[Exercise data — start]

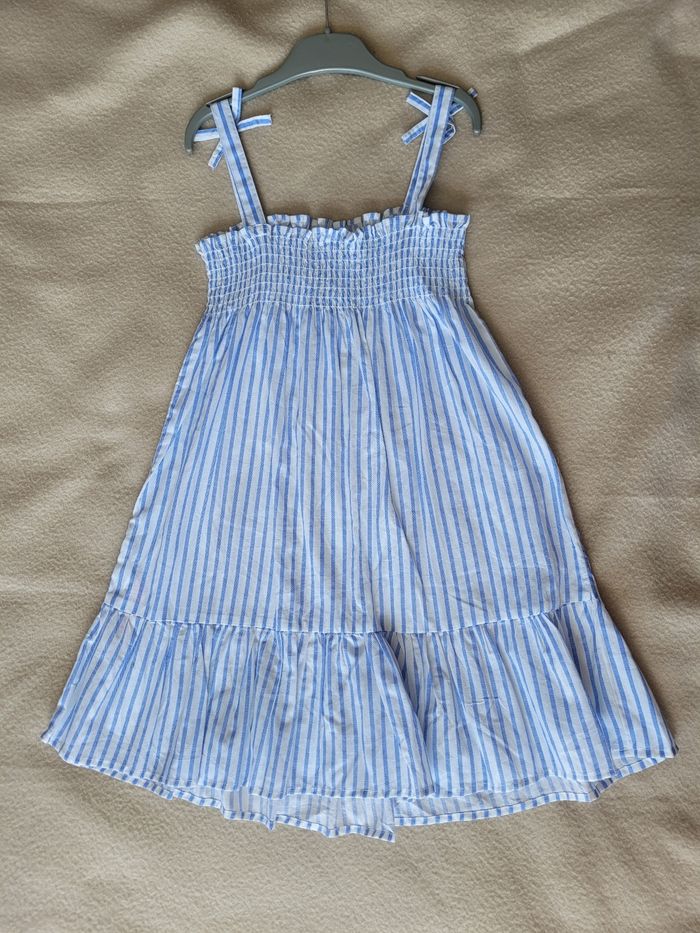 Robe primark 8 ans 128 cm - photo numéro 2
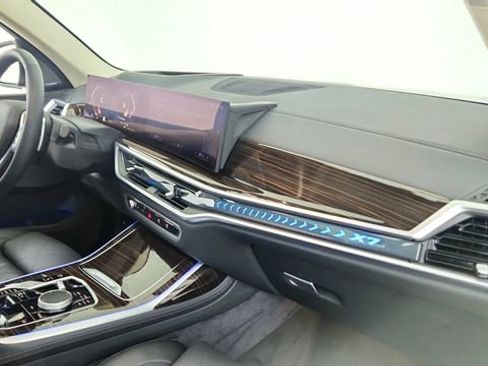 Used 2026 BMW X7 xDrive40i image 22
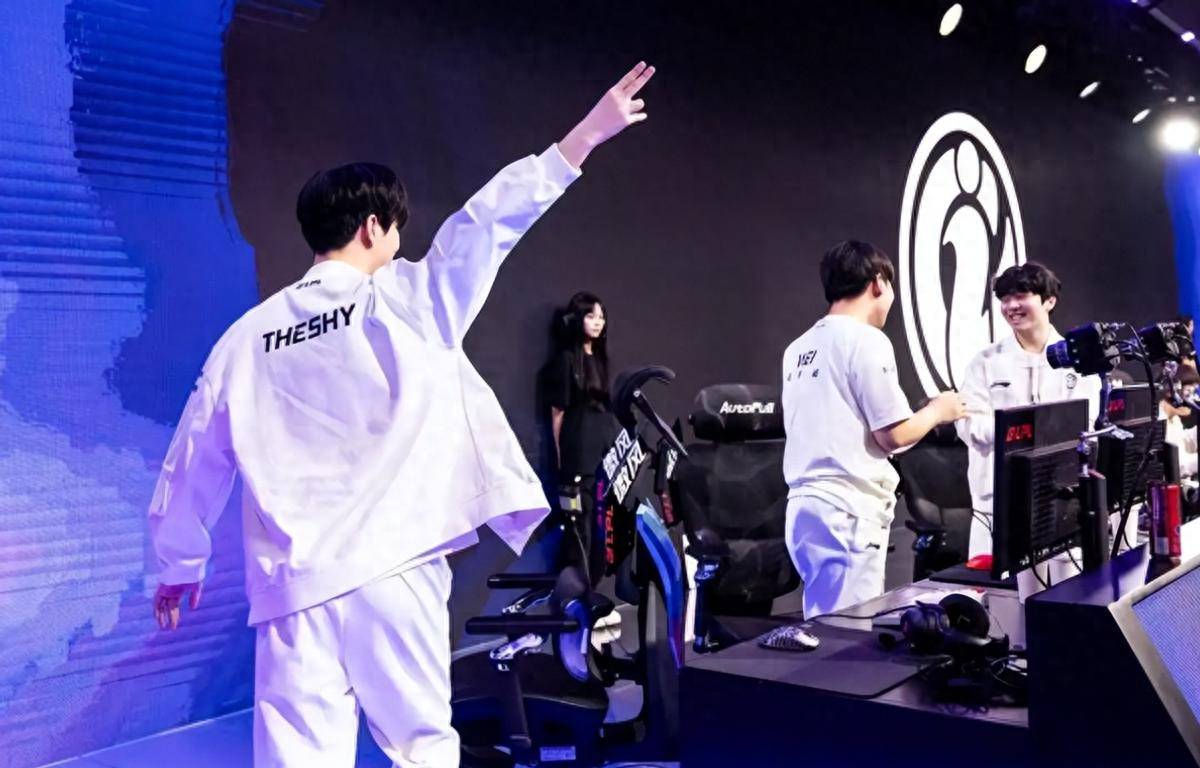 LCK选手合同：HLE五名选手11月份左右将全部成为自由人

[Exercise data — finish]

What you will do: Transcribe the whole of the data exactly, minus any pictures.

Answer to the exercise:
 Robe primark 8 ans 128 cm - photo numéro 2
 Used 2026 BMW X7 xDrive40i image 22
 LCK选手合同：HLE五名选手11月份左右将全部成为自由人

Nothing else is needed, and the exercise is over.